-3

I'm getting a unicode error only when overriding my class' __str__ method. What's going on?

In Test.py:

class Obj(object):

    def __init__(self):
        self.title = u'\u2018'

    def __str__(self):
        return self.title


print "1: ", Obj().title
print "2: ", str(Obj())

Running this I get:

$ python Test.py
1:  ‘
2: 
Traceback (most recent call last):
  File "Test.py", line 11, in <module>
    print "2: ", str(Obj())
UnicodeEncodeError: 'ascii' codec can't encode character u'\u2018' in position 0: ordinal not in range(128)

EDIT: Please don't just say that str(u'\u2018') also raises an Error! (while that may be related). This circumvents the entire purpose of built-in method overloading --- at no point should this code call str(u'\u2018')!!

DilithiumMatrix
  • 17,795
  • 22
  • 77
  • 119
  • 1
    `str(Obj().title)` has the same behaviour, it's not related to `__str__` – Hacketo Sep 11 '15 at 22:14
  • possible duplicate of [UnicodeEncodeError: 'ascii' codec can't encode character u'\xa0' in position 20: ordinal not in range(128)](http://stackoverflow.com/questions/9942594/unicodeencodeerror-ascii-codec-cant-encode-character-u-xa0-in-position-20) – Hacketo Sep 11 '15 at 22:17
  • 4
    afaik `__str__` is contractually obligated to return ascii bytes and not unicode, not doing that may lead to issues ... try `def __str__(self):return self.title.encode("utf8")` – Joran Beasley Sep 11 '15 at 22:17
  • 1
    @DilithiumMatrix the fact is the error come from the unicode in `title` and not because of the overloading of `__str__` , http://stackoverflow.com/help/mcve would have highlight this, the question is a duplicate – Hacketo Sep 11 '15 at 22:25
  • 1
    `self.title` is a unicode object as seen in your constructor.
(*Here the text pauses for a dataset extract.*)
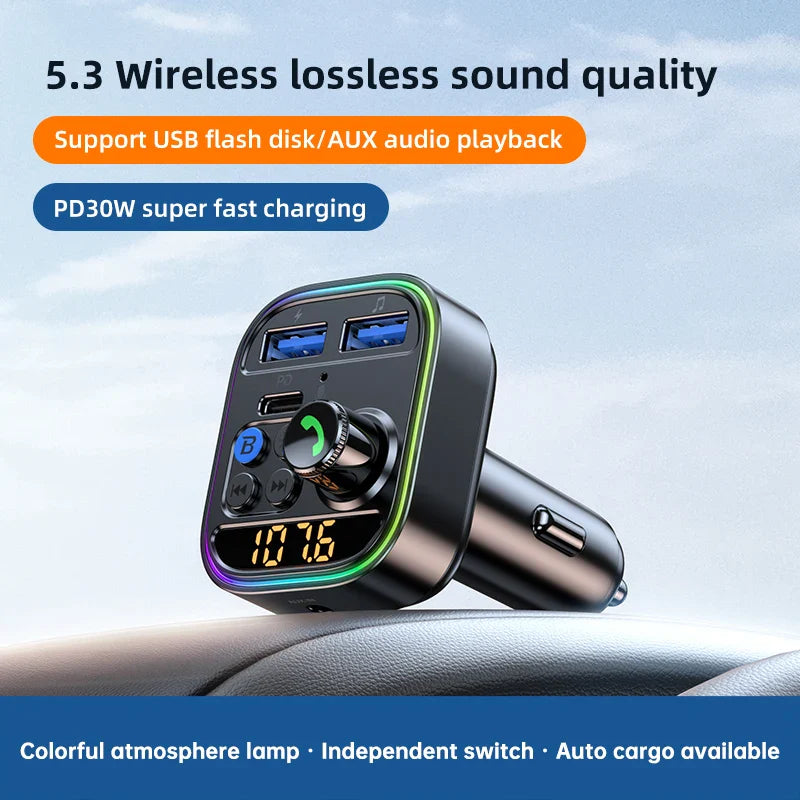 Skorter | Bluetooth 5.3 FM Transmitter Car Kit with Type-C USB Charger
You must override `__unicode__` – Malik Brahimi Sep 11 '15 at 22:29
  • @Hecketo, the question is not about the error! It's about **why the error only happens in the overloading method**! – DilithiumMatrix Sep 11 '15 at 22:30
  • @MalikBrahimi can you expand on that? Why? – DilithiumMatrix Sep 11 '15 at 22:31
  • @JoranBeasley I don't completely follow. So, you're saying that `print` is explicitly expecting `ascii` in the (2) case? But not in (1)? – DilithiumMatrix Sep 11 '15 at 22:33
  • 4
    @DilithiumMatrix It doesn't happen *in* the overloading method. `str(Obj())` will call `str(Obj().__str__())`, which becomes `str(u'\u2018')` which throws `UnicodeEncodeError`. I don't understand why you're so hostile to people who are giving you the answer. – Adam Sep 11 '15 at 22:34
  • @Adam, so `str()` works completely differently from `len()` then? i.e. `len()` *definitely does not* call `len( Obj().__len__() )` ... where is this documented? I'm sorry if my response has been overly hostile --- but I think the 'close' vote, 'duplicate', and given answers are all misunderstanding the problem.... – DilithiumMatrix Sep 11 '15 at 22:44
  • 2
    You're hostile because you have a poor understanding of how Python works yet are shouting and downvoting people who are helping you. Good luck. – Adam Sep 11 '15 at 22:52
  • @DilithiumMatrix [`docs`](https://docs.python.org/2/reference/datamodel.html#object.__str__) state : `Called by the str()` ; not saying that `str(Obj())` is a short way to call `Obj().__str__()` – Hacketo Sep 11 '15 at 23:19

2 Answers2

3

You're using Python 2.x. str() calls __str__ and expects you to return a string—that is, a str. But you're not; you're returning a unicode object. So str() helpfully tries to convert that to a str since it's what str() is supposed to return.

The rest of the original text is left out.